Wikinvest Wire

The week's economic reports

Saturday, March 29, 2008

More reports of falling home prices and a quickly souring mood of the American consumer highlighted the week's economic reports. Stocks and bonds ended with the S&P 500 Index down 1.1 percent to 1,315, now down 10.4 percent for the year, and the yield of the 10-year U.S. Treasury note rose 13 basis points to 3.46 percent.
Existing Home Sales: Much lower sales prices are now showing up in the data from the National Association of Realtors as a huge 8.2 percent year-over-year decline was reported in the median price for existing home sales in February.

Of course, the headline from the industry trade group painted a rosier picture, "Existing Home Sales Rise in February", which was indeed true as shown in the chart, but the real story was the price declines.

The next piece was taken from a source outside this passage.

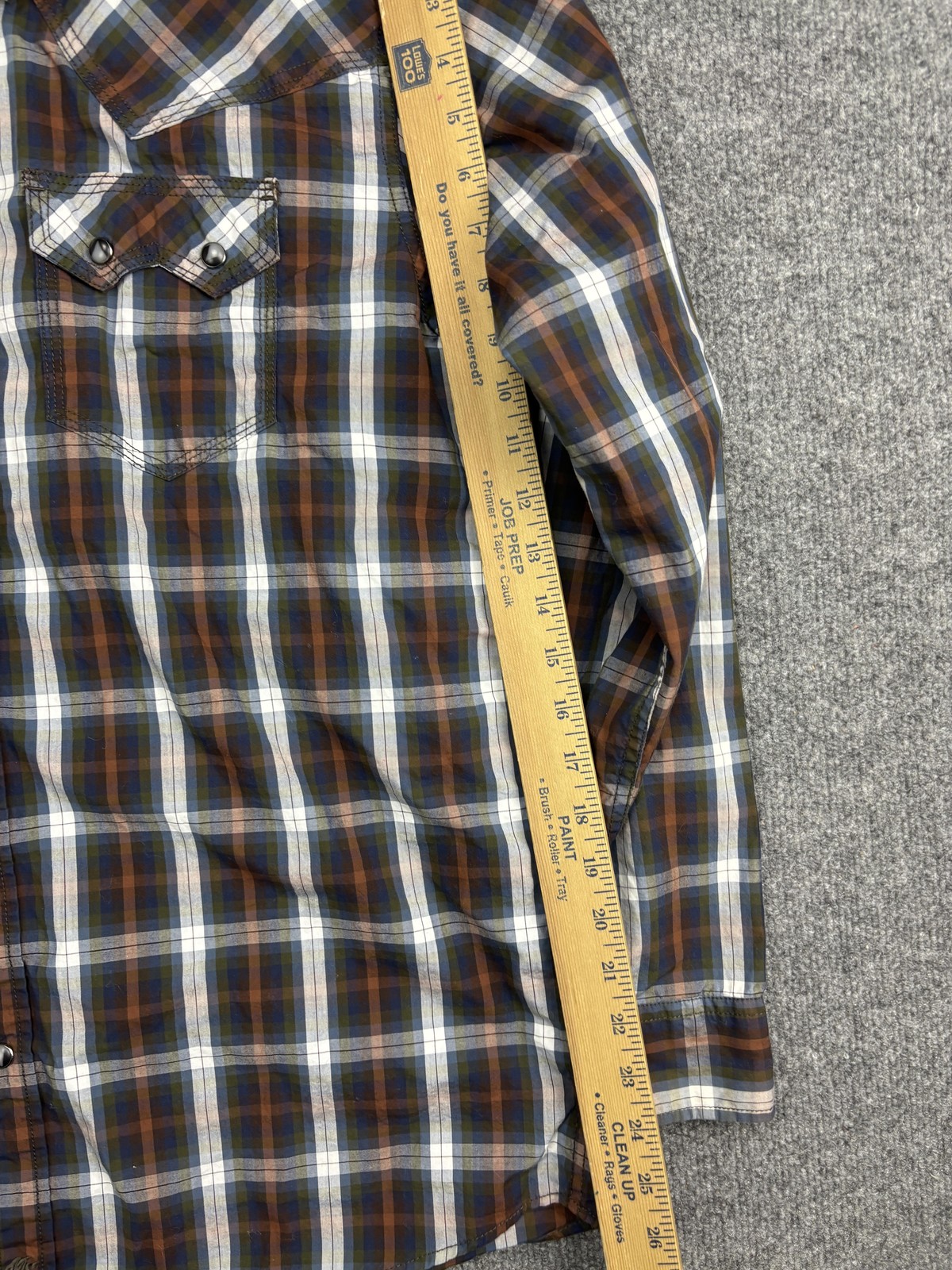 Moon Shine Spirits Shirt Mens Medium Blue Plaid Western Pearl Snap Long Sleeve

According to the report, "The national median existing- home price for all housing types was $195,900 in February, down 8.2 percent from a year earlier when the median was $213,500." Once again, don't confuse a modest rebound in sales volume, up 2.9 percent from January but down 23.8 percent from February of 2007, with an imminent rebound in sales price.
As long as inventory is at historically high levels - now at 9.6 months of supply - and sales volume is near historic lows, prices will continue to fall. That slightly larger blue bar to the far right in the chart is virtually meaningless as long as that red curve is as high as it is.

Now, if the government steps in and starts buying houses, maybe the blue and the red in the chart will move a little closer - we'll see.

Consumer Confidence: The mood of the American consumer is reaching new multi-year lows, now at levels well below that seen during the aftermath of Hurricane Katrina in 2005. The Conference Board’s Consumer Confidence Index dropped from an upwardly revised 76.4 in February to 64.5 in March, a level not seen since early in 2003 when the U.S. invaded Iraq. Aside from this temporary, war-related plunge, a reading this low has not been seen since 1993.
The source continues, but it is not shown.